My Little Chickadee was shot on 35 mm film by cinematographer Joseph Valentine and framed at 1.33:1. This version was scanned in 4K from a 35 mm nitrate composite fine grain print and a 35 mm dupe negative, with the entire workflow for the project at 4K resolution. The restoration was performed by Universal Pictures in collaboration with The Film Foundation, with Martin Scorsese and Steven Spielberg serving as consultants. The results are simply gorgeous. All damage has been meticulously cleaned up on a frame-by-frame basis, leaving the underlying image intact—if any DNR has been applied, it’s been done with a very light touch. Grain looks natural and there’s an abundance of fine detail throughout the film. Watch for the moment when Fields hands his card to West; the close-up shows beautiful textures in the paper, the printing, and the fabric of his gloves. Valentine used diffusion filters in some shots and there are also optical transitions which are understandably softer than the surrounding footage, but it’s all inherent to the original production. The grayscale is accurate, the contrast range is good, and black levels are solid. For those of us who grew up watching poor quality prints of the film on TV, this transfer will be a revelation.

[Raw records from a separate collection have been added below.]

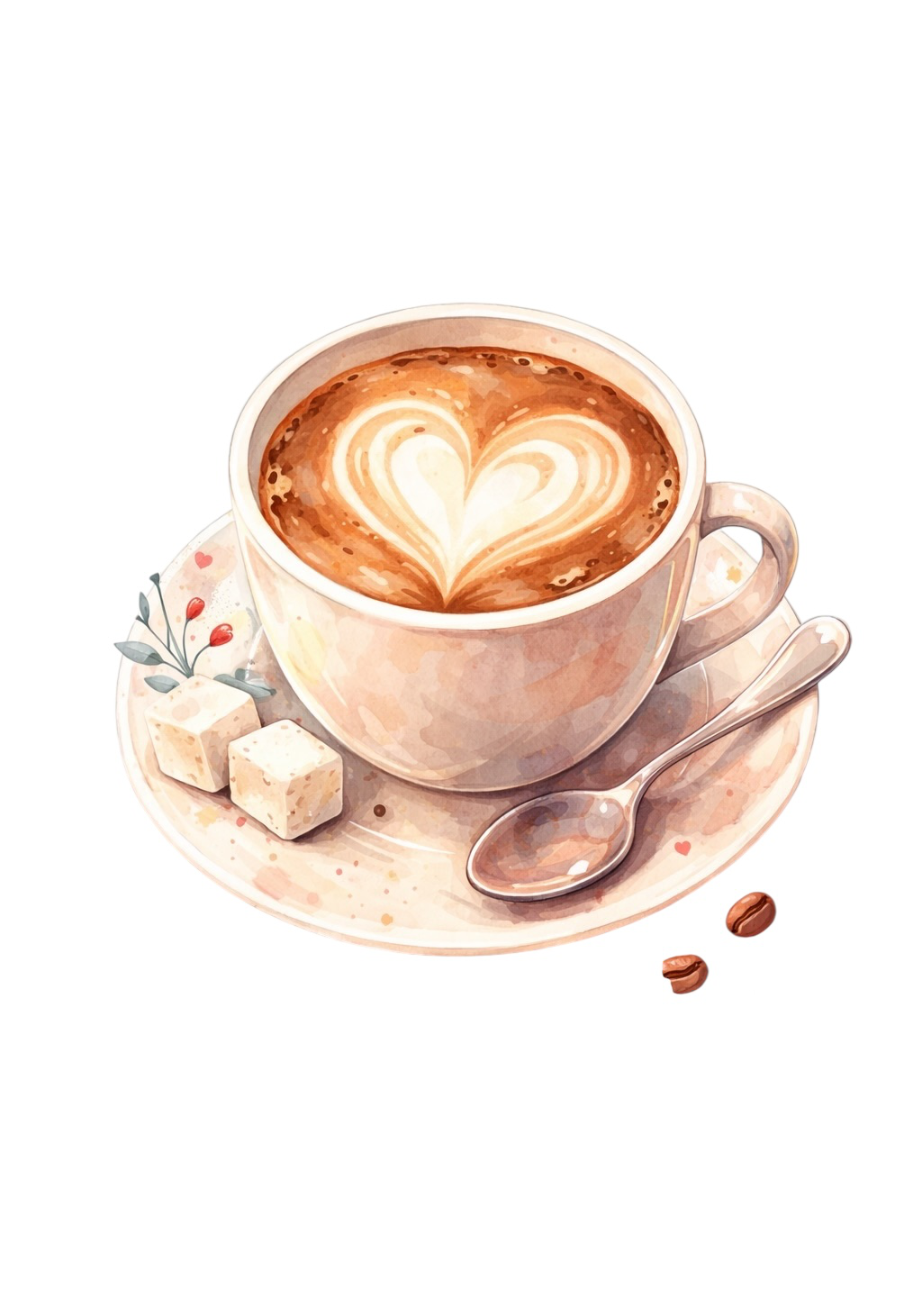 Heart Latte Earrings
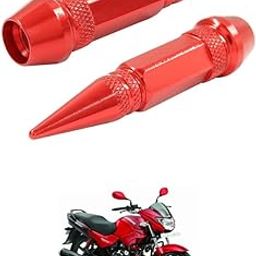 LOVMOTO Universal 2PC Spiked Aluminum Stem Valve Caps Dustproof Tire Wheel Stem Caps for Cars,SUVs,Trucks Bicycles and Motorcycles Comfortable with Gla-mour-image-12
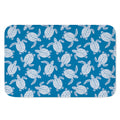 Blue And White Sea Turtle Pattern Print Indoor Door Mat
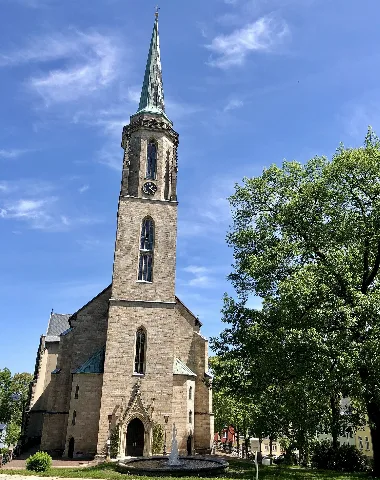 20.5.2018 Am Markt 1. Falkenstein Kirche Und Vorplatz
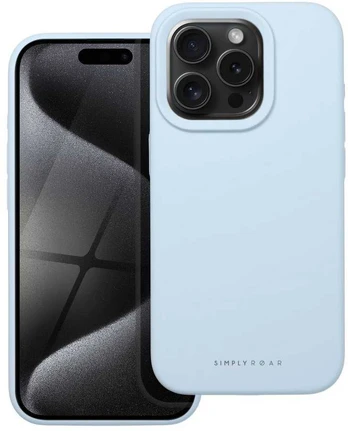 Dėklas Roar Cloud-Skin Case - for iPhone 15 Pro Light Mėlyna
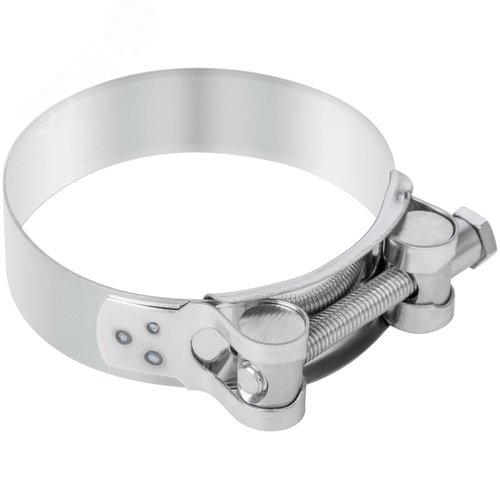 Хомут обжимной силовой шарнирный 80-85мм нержавеющая сталь - фото 4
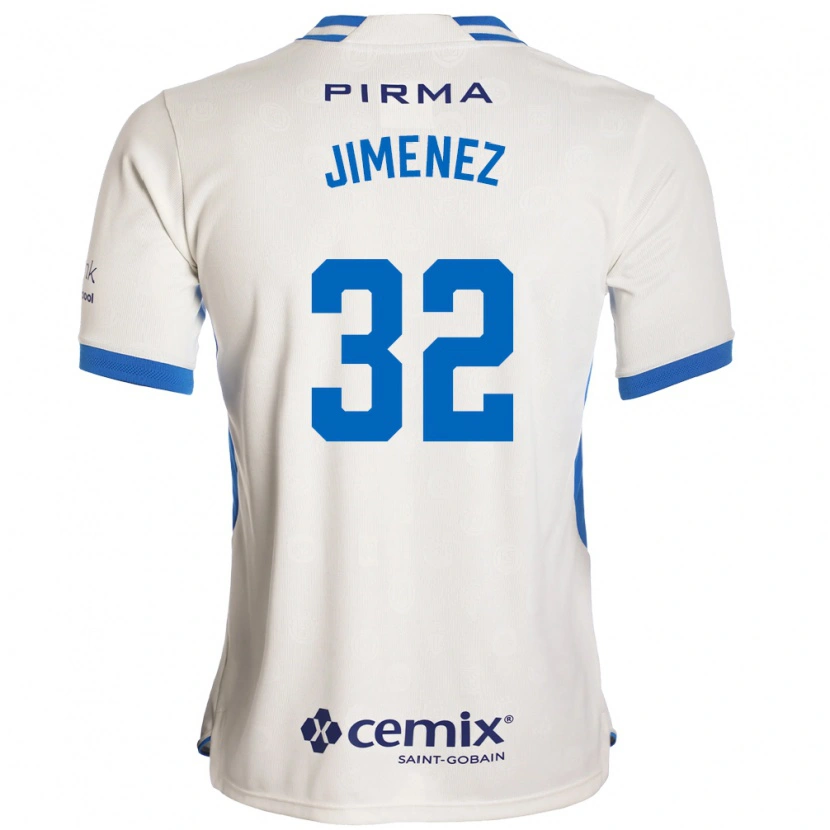 Danxen Børn Cristian Jiménez #32 Hvid Blå Rød Udebane Spillertrøjer 2026/27 Trøje T-Shirt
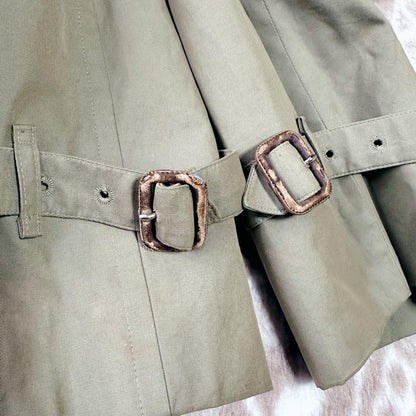 BURBERRYS Coat Nova Check FREE SIZE Beige Authentic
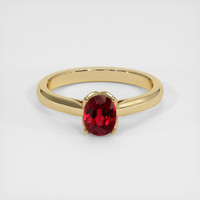 1.05 Ct. Ruby Ring, 14K Yellow Gold 1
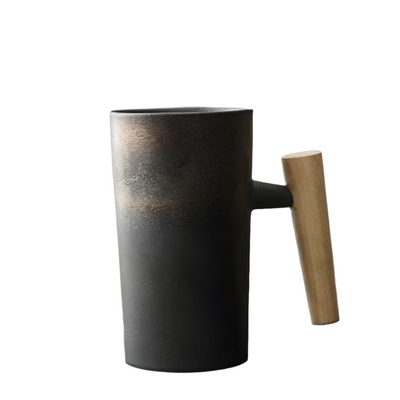 StillSip – Japanisch-inspirierter erdohfarbener Becher mit handgefertigtem Look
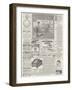 Page of Advertisements-null-Framed Giclee Print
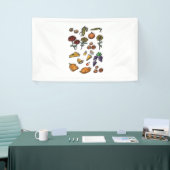 Erntedank Day Herbst Attribute Klassischer T - Shi Banner (Messeveranstaltung)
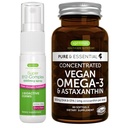 Vegan Omega-3 Algae Oil + Super B12-Complex 5000mcg Vegan Bundle, Υψηλή συγκέντρωση DHA & EPA + Υψηλή δύναμη B12 Cherry Flavor Sublingual Spray, από Igenus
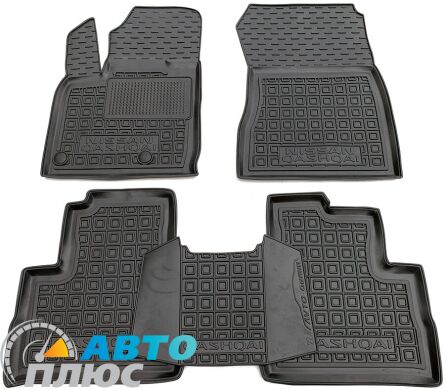 Автомобильные коврики в салон Nissan Qashqai 2022- (AVTO-Gumm)
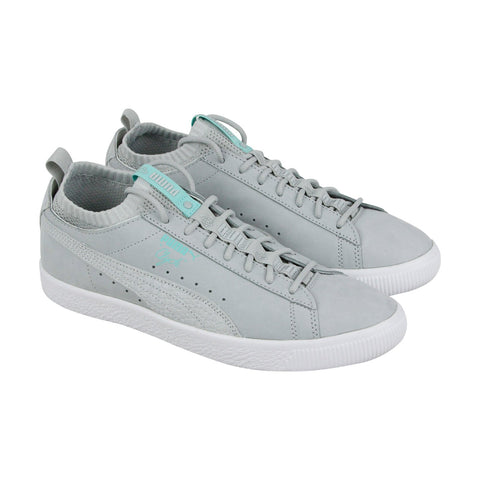 Puma Clyde Sock Lo Diamond 36565302 Mens Gray Casual Low Top Sneakers Shoes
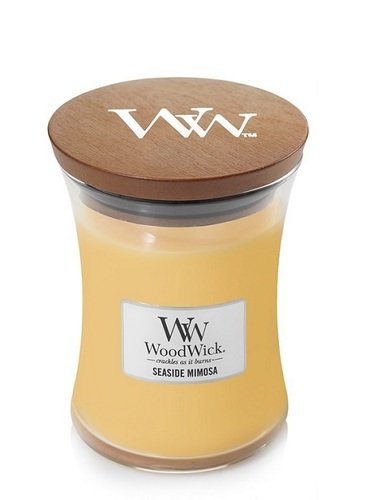 WoodWick sviečka stredná Seaside Mimosa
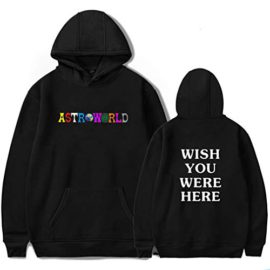 Leslady Unisexe Sweatshirt à Capuche Homme Astroworld Multicolore Casual Leslady Unisexe Sweatshirt à Capuche Homme Astroworld Multicolore Casual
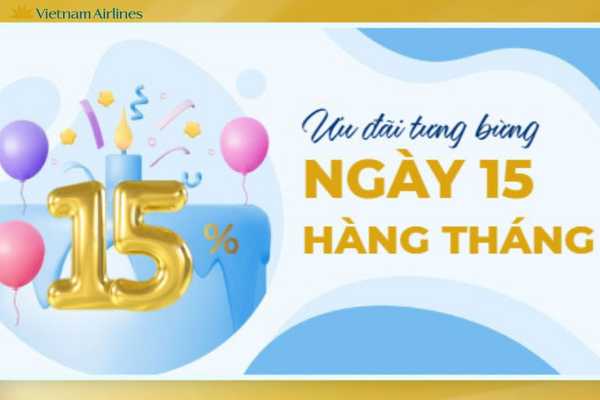 Vietnam Airlines đón sinh nhật website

Audio is offered in English 2.0 mono DTS-HD Master Audio with optional English subtitles. It was restored from the optical tracks on the 35 mm fine grain print. While the fidelity is limited by the source, the dialogue is intelligible and everything sounds clean.
Extras on the disc include the following:
- Audio Commentary by Alexandra Heller-Nicholas and Josh Nelson
- My Little Chickadee Trailer (SD – 1:36)
- Night After Night Trailer (SD – 2:39)
- I'm No Angel Trailer (SD – 1:58)
- Belle of the Nineties Trailer (HD – 1:54)
- Goin' to Town Trailer (SD – 1:42)
- Every Day's a Holiday Trailer (HD – 2:27)
The commentary with film historians Alexander Heller-Nicholas and Josh Nelson gives a fine overview of the production and many of the stories involved in the making of it, such as the teetotaler clause that West insisted on including in her contract to shut down the production if she ever caught Fields drunk. They discuss West’s sexuality, her clashes with the censors, and her place as the real auteur of her work regardless of who was behind the camera. They look at her life and how the film’s subversion of marriage as a redemptive act parallels West’s own failed marriage. The only issue is that the majority of their commentary is confined to West and ignores Fields—the whole thing is pretty one-sided for a film which is built around putting the two stars together. It’s still a valuable commentary, but because they chose to take West’s stories about the making of the film at face value, it would have been nice to have heard alternative perspectives.
For all of its flaws, My Little Chickadee remains cheeky right up to the end—quite literally, as anyone who has seen it will attest. It’s far from the most enjoyable film made by either of its legendary lead actors, but there’s plenty here to enjoy. The beautiful transfer alone is worth the price of admission, and it should please old fans as well as new ones.